Sanders went back to his Shell station where he continued to serve steak, ham, biscuits, and his special recipe fried chicken to hungry customers. It was not fancy, served family style with bowls of food from which the diners served themselves, but by all accounts, it was “finger lickin’ good.” As the business grew into a motel/cafe, Sanders began wearing a black suit, grew a goatee that he would dye white and called himself “Colonel.” Soon, he was running a full-fledged restaurant across the street, and his food was so popular that Governor Ruby Laffoon gave Sanders the honorary title of Kentucky Colonel. And the rest is history.
By the time of his death in 1980, there were an estimated 6,000 KFC outlets in 48 countries worldwide, with $2 billion of sales annually. As for Matt Stewart, well, after two years behind bars, he was shot to death by a deputy sheriff.

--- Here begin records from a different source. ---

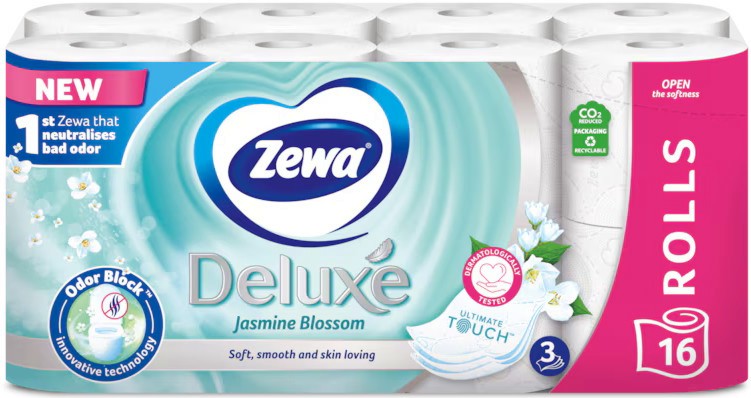 Трипластова тоалетна хартия Zewa Jasmine Blossom Трипластова тоалетна хартия Zewa Jasmine Blossom - 16 рула - тоалетна хартия
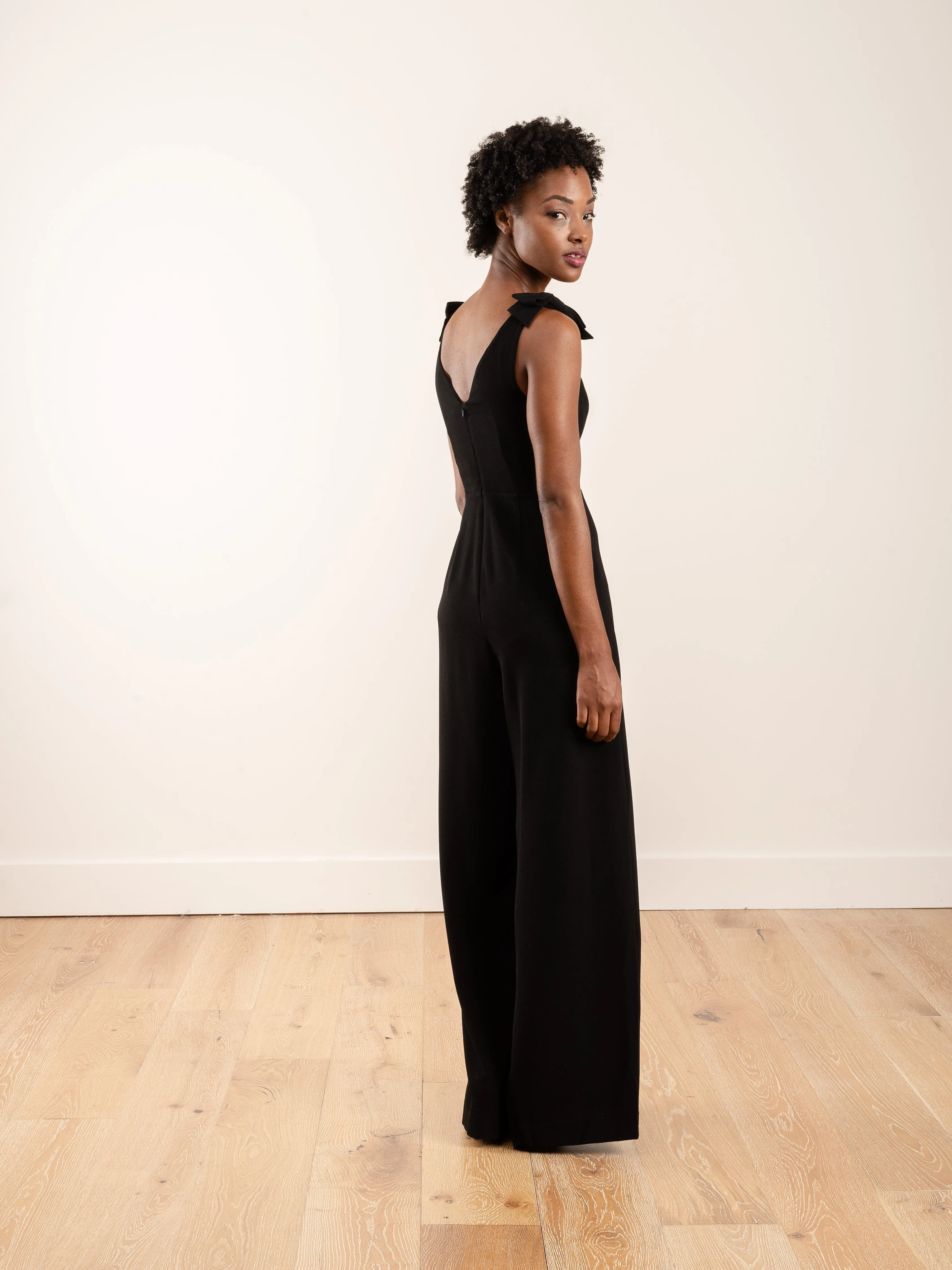 espionage bow jumpsuit - black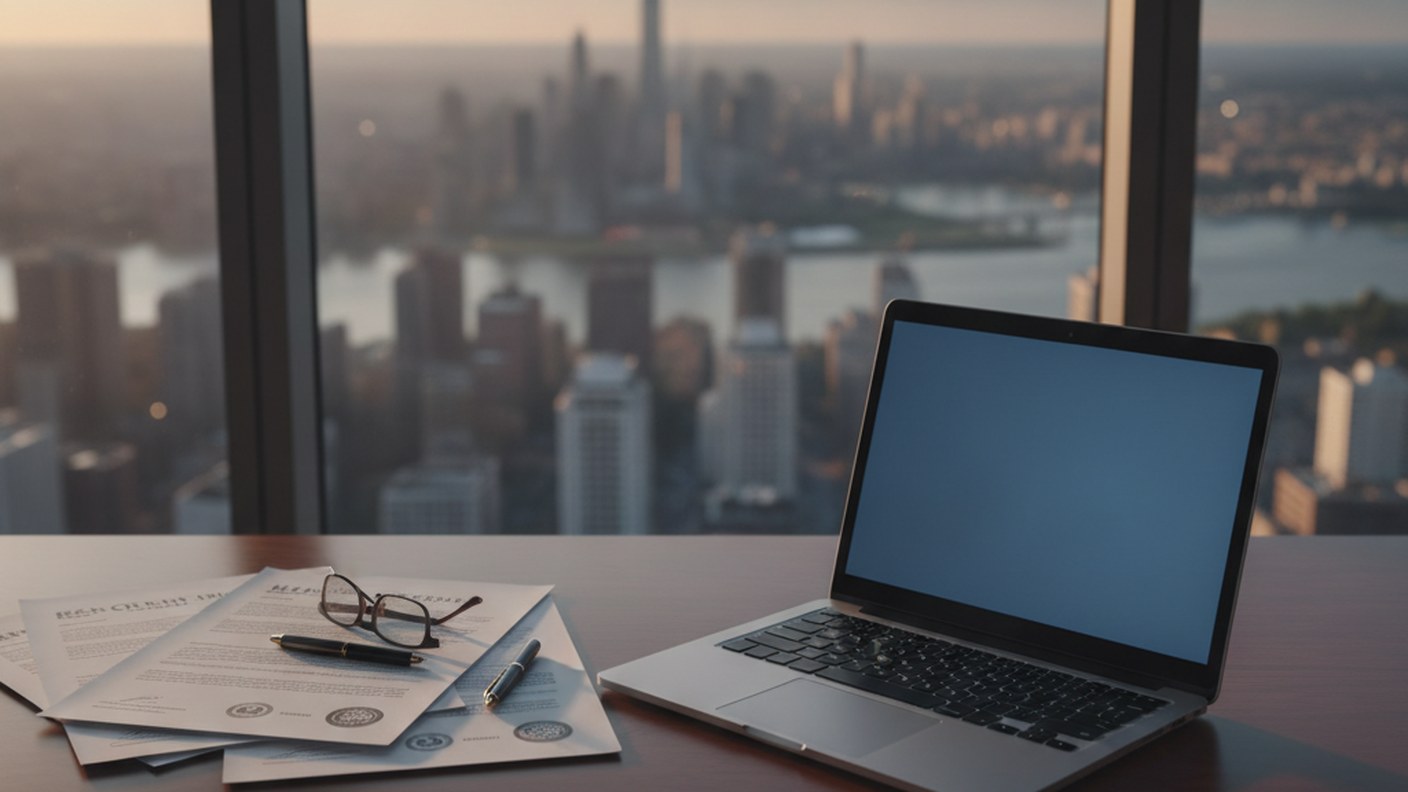 real estate documents and laptop with city view through window, office desk scene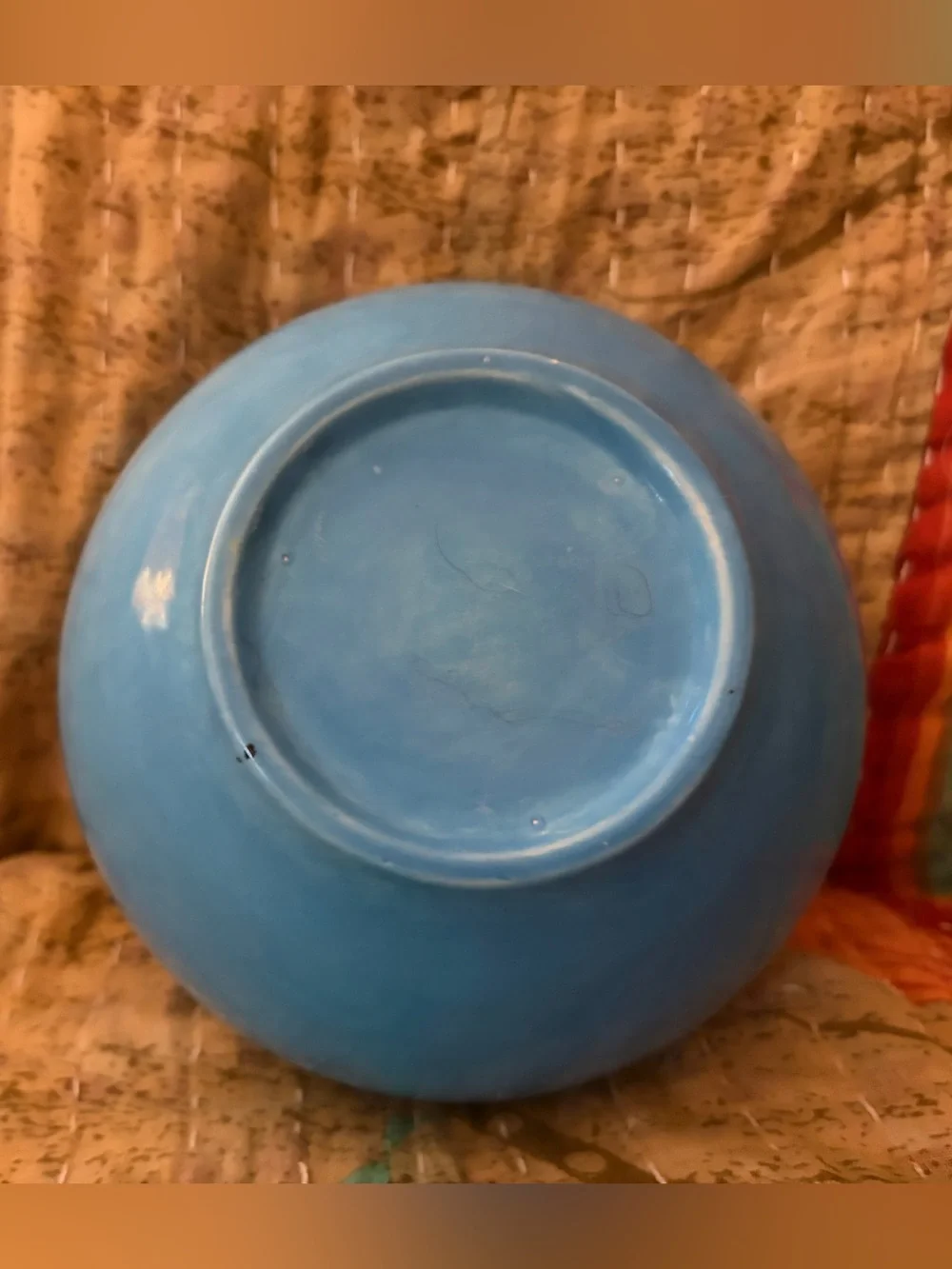 Blue Pisces Bowl with Orange Koi Ceramic 5.75” Zodiac Astrology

No one knows for sure, but rumor has it the deputy was a paid gunman, hired to assassinate Stewart by Robert Gibson’s family. The deputy sheriff was never charged.
For many of this generation, Colonel Sanders is little more than a cartoon of an old guy on a KFC bucket. The real Colonel cussed like a sailor, was an unashamed flirt, and an astute businessman with a proven record of eliminating the competition — one way or another. He was nothing like the aw-shucks version that history has handed down to us. He ate fried chicken, mashed potatoes, gravy and biscuits every single day, which added an extra 50 pounds on his 5-foot, 11-inch frame. In short, the Hoosier-born Kentucky Colonel lived a life every bit as worthy as his secret recipe.

Al Hunter is the author of the “Haunted Indianapolis”  and co-author of the “Haunted Irvington” and “Indiana National Road” book series. His newest book is “Bumps in the Night. Stories from the Weekly View.” Contact Al directly at Huntvault@aol.com or become a friend on Facebook.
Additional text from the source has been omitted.